Тогда Хин-Цзе все понял. Он пытался освободиться, но стрела держала его так, что он повис на шипах, пригвоздивших его к ужасному дереву. Он царапался и кричал, когда слышал шелест крыльев, громко стонал, когда золотое облако с жужжанием опускалось к нему. И вот они уже были повсюду с бьющимися крыльями, с крошечными клювами, которые кололи остро, жестоко, побуждаемые ужасным голодом. Кровь ослепила его, два крылатых кинжала вонзились в глаза, и золотое сияние сменилось черной болью. Еще несколько мгновений он корчился под клювами своих крошечных мучителей. Затем живое облако в тишине рассеялось.
Мандарин Куонг лежал на земле. Он позабыл про свои раны, потому что был поэтом. Эта последняя месть, эта последняя победа после поражения была искуплением. Он следил за каждым движением птиц, упивался их грациозной красотой. И скоро он услышит песню — последнюю песню перед смертью.
Ведь он был искренним с Хин-Цзе.

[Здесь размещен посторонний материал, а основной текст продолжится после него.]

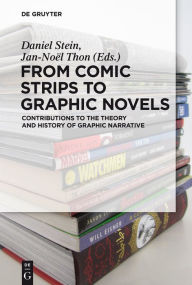 Title: From Comic Strips to Graphic Novels: Contributions to the Theory and History of Graphic Narrative / Edition 2, Author: Daniel Stein
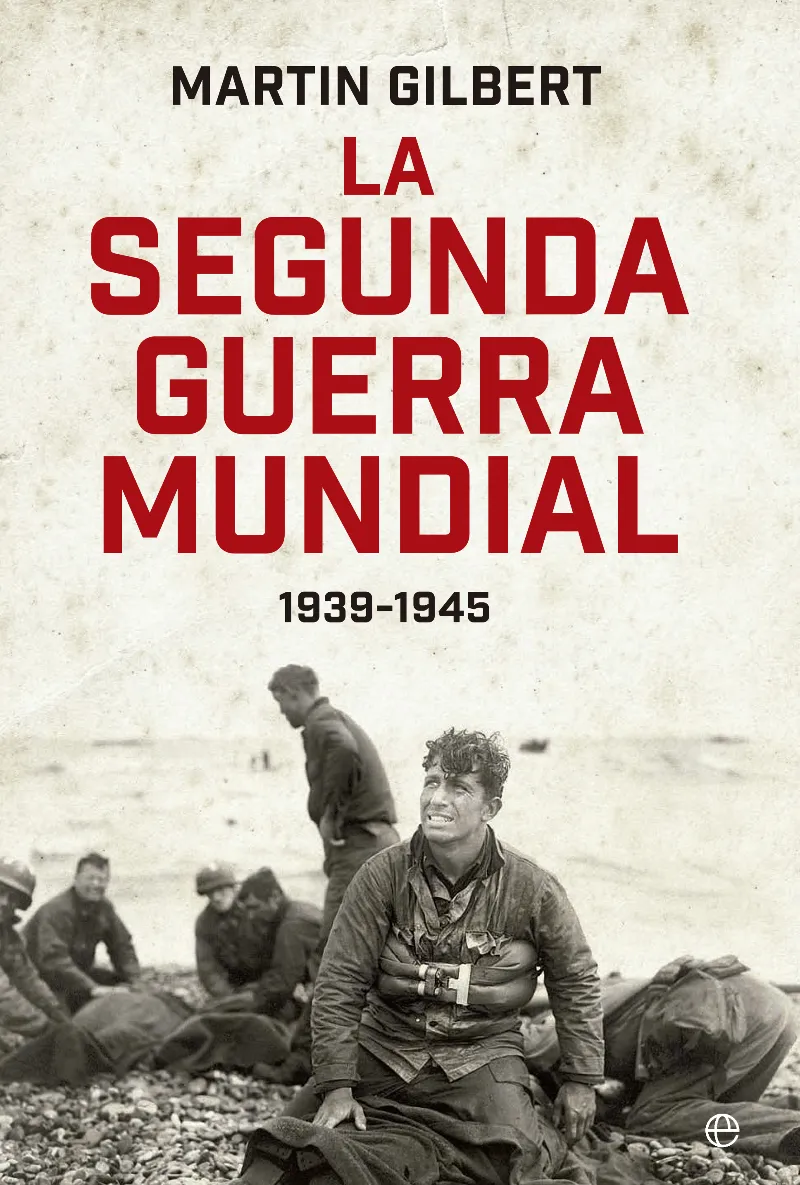 SEGUNDA GUERRA MUNDIAL 1939-1945,LA
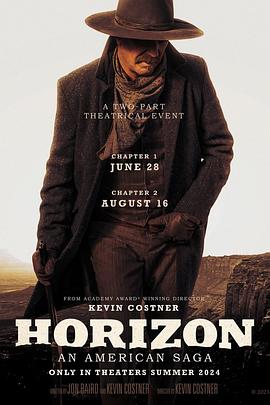 暗黑爆料网《地平线 Horizon: An American Saga - Chapter 1》免费在线观看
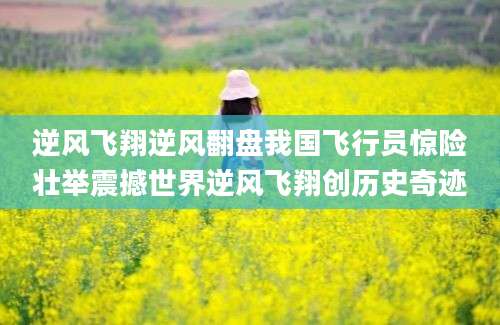 逆风飞翔逆风翻盘我国飞行员惊险壮举震撼世界逆风飞翔创历史奇迹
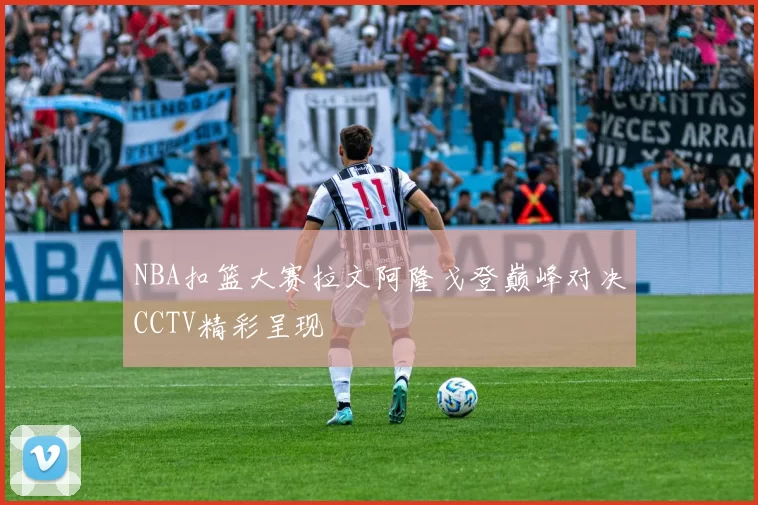 NBA扣篮大赛拉文阿隆戈登巅峰对决CCTV精彩呈现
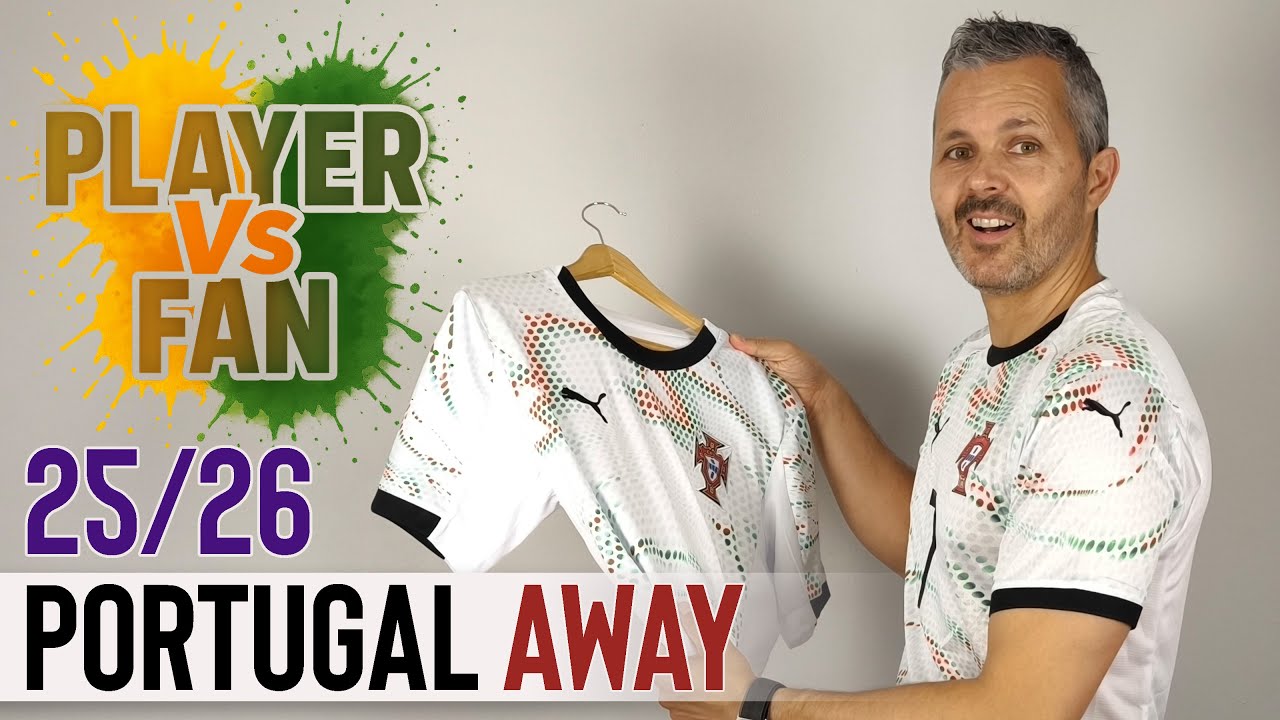 Portugal Away Kit 25/26: Player vs Fan Version Review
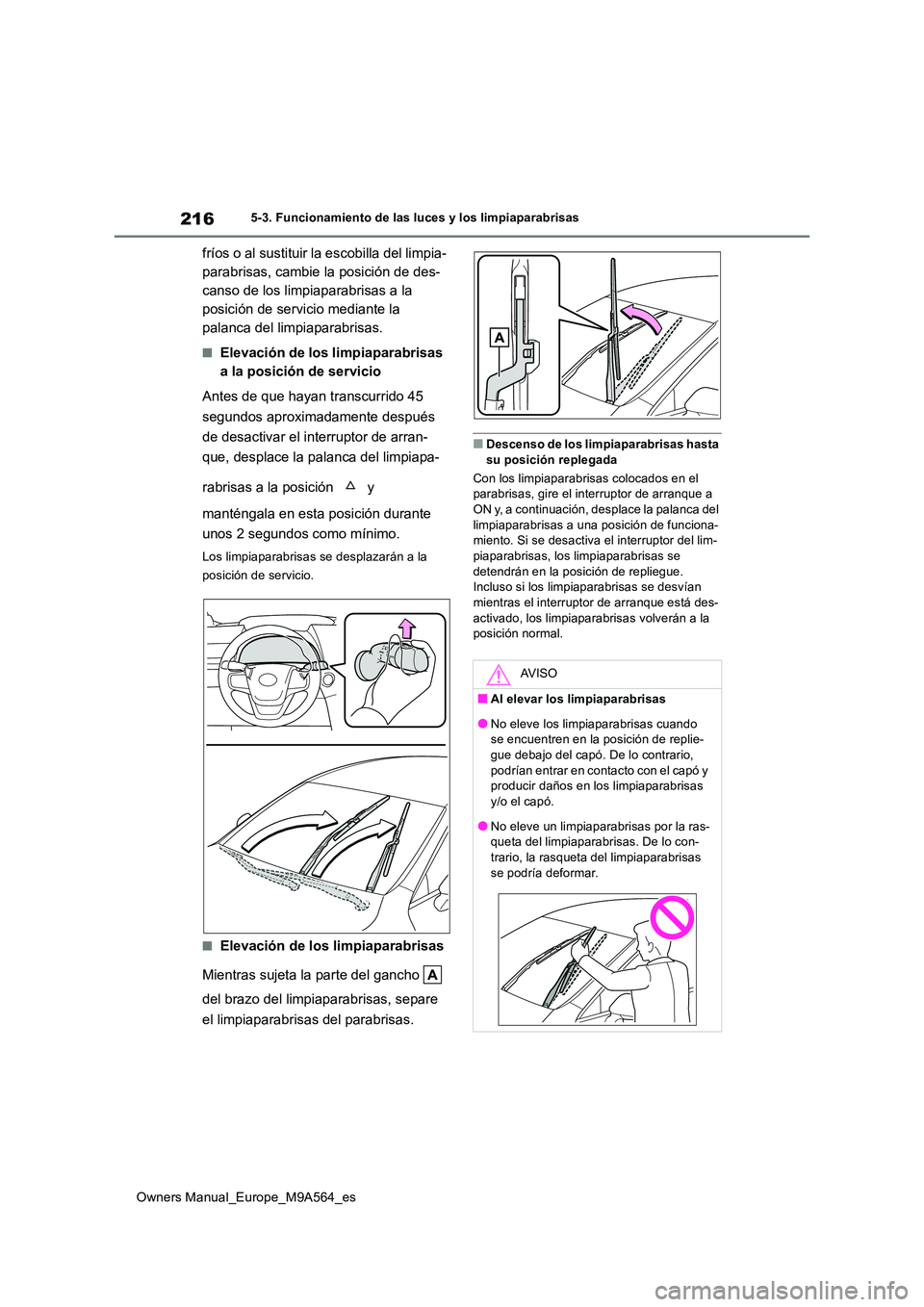 TOYOTA MIRAI 2023 Manual del propietario (in Spanish) 216
Owners Manual_Europe_M9A564_es
5-3. Funcionamiento de las luces y los limpiaparabrisas
fríos o al sustituir la escobilla del limpia-
parabrisas, cambie la posición de des-
canso de los limpiapa TOYOTA MIRAI 2023 Manual del propietario (in Spanish) 216
Owners Manual_Europe_M9A564_es
5-3. Funcionamiento de las luces y los limpiaparabrisas
fríos o al sustituir la escobilla del limpia-
parabrisas, cambie la posición de des-
canso de los limpiapa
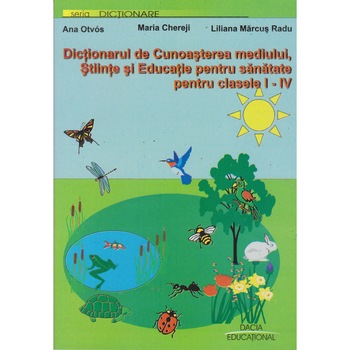 Dictionar de Cunoasterea mediului, Stiinte si educatie pentru sanatate clasele I-IV - Ana Otvos. Maria Chereji, Liliana Marcus Radu Dictionar de Cunoasterea mediului, Stiinte si educatie pentru sanatate clasele I-IV - Ana Otvos. Maria Chereji, Liliana Marcus Radu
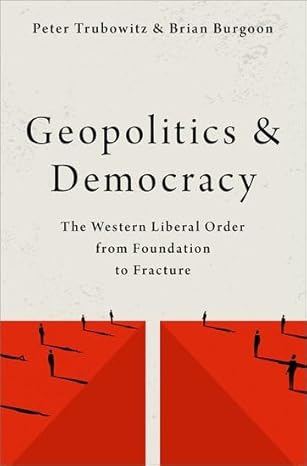eBook For Geopolitics and Democracy The Western Liberal Order from Foundation to Fracture 1st Edition By Peter Trubowitz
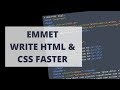 Write Faster HTML and CSS with Emmet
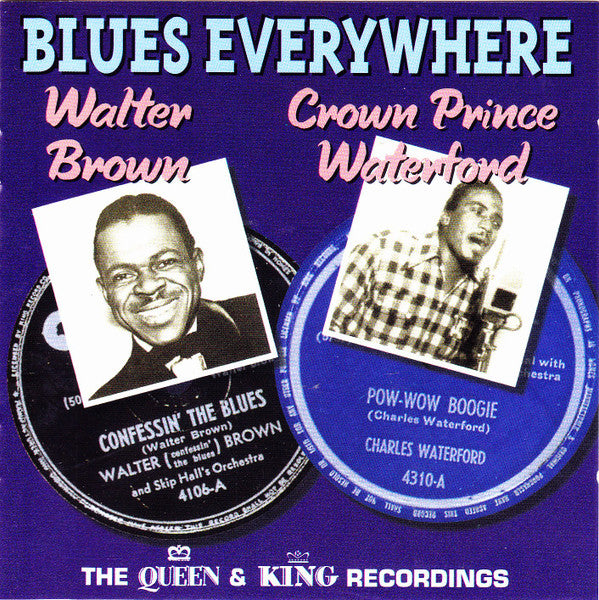 Walter Brown, Crown Prince Waterford : Blues Everywhere - The Queen & King Recordings (CD, Comp)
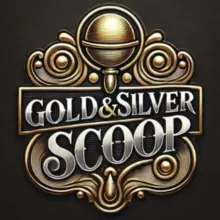 Gold & Silver Scoop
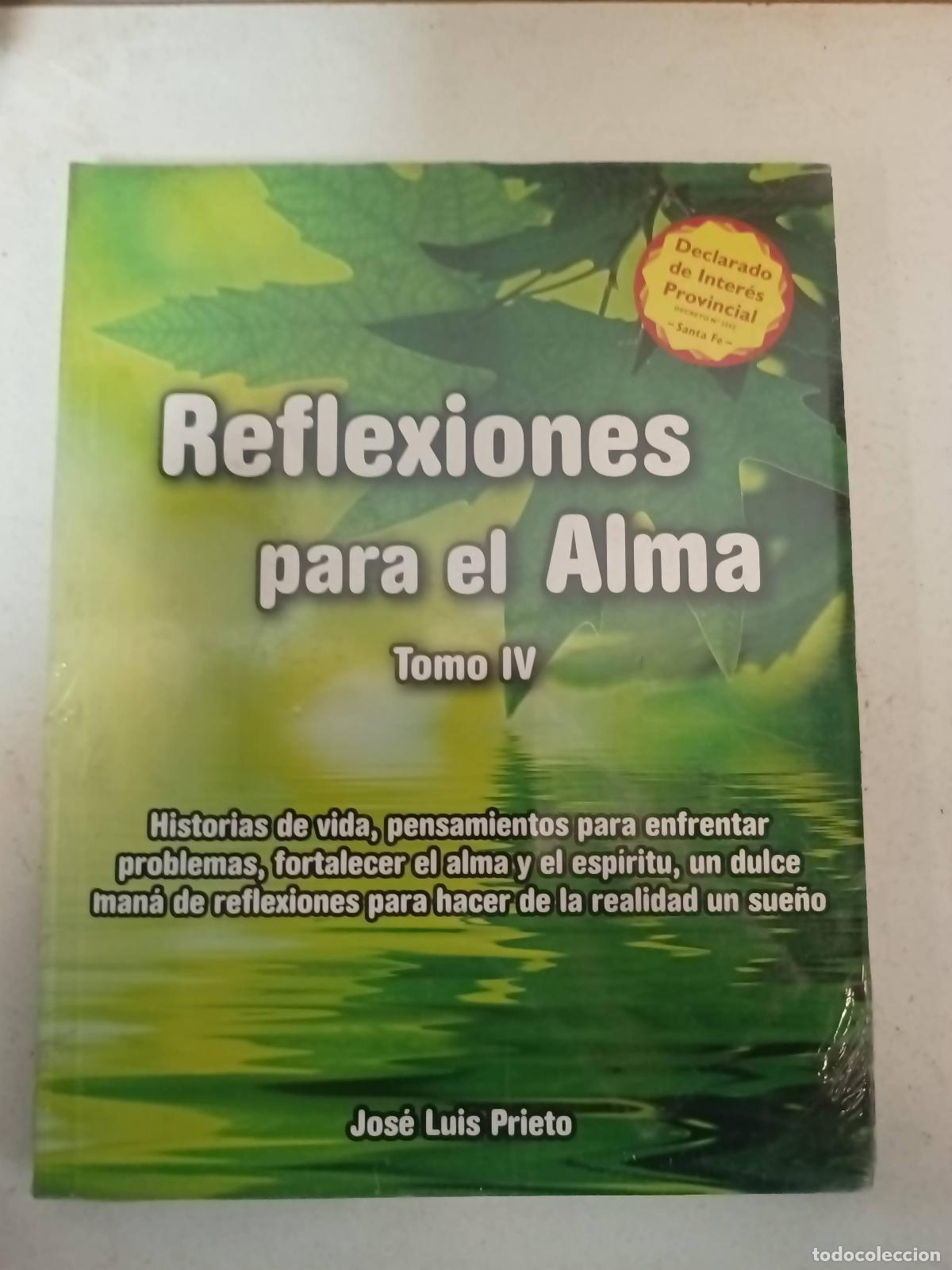 Libros: Reflexiones Para El Alma - Tomo 4 - Jos&eacute; Luis Prieto - Foto 1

Птицы любили его, и это были всего лишь птицы. Мысль о психовампирах — абсурдное суеверие, якобы эти создания завладели душами умерших из его сада, — была невероятна. Куонг смотрел, как желтый рой движется по телу лучника. Вот птицы вспорхнули, чирикая. Через минуту начнется песня. Мандарин ждал поэтического совершенства смерти.
Они взлетели — и вдруг одна из крошечных птичек отделилась от яркого, как солнце, скопления. Это была крошечная самка — и она полетела прямо к скелету на дереве. Потом нелепо примостилась на лишенных плоти ребрах, словно заглядывая за прутья клетки.
Куонг озадаченно смотрел на это. Он с трудом приподнялся на локте. Птица сидела там, а потом… Потом появились ещё две птички!
И вот эти двое долетели вместе. Их маленькие глазки-бусинки остановились на лежащем мандарине. Он откинулся назад, странный ужас сжал его сердце. Самка птицы — Ю-Ли. И самец — из скелета мертвого лучника! Психовампиры?
Они полетели вверх, туда, где в воздухе висело желтое облако. Стая с криками рванулась вперед, как по команде. А потом развернулась и спикировала вниз. Куонг закричал от ужаса. Мертвые души жаждали мести. Желтые кинжалы били и кололи; десять тысяч трепещущих телец рвали и терзали корчащееся на Земле существо.
Поэтому никто не услышал, как наступил последний миг — в опустевшем саду канарейки мандарина Куонга спели свою последнюю сладкую серенаду.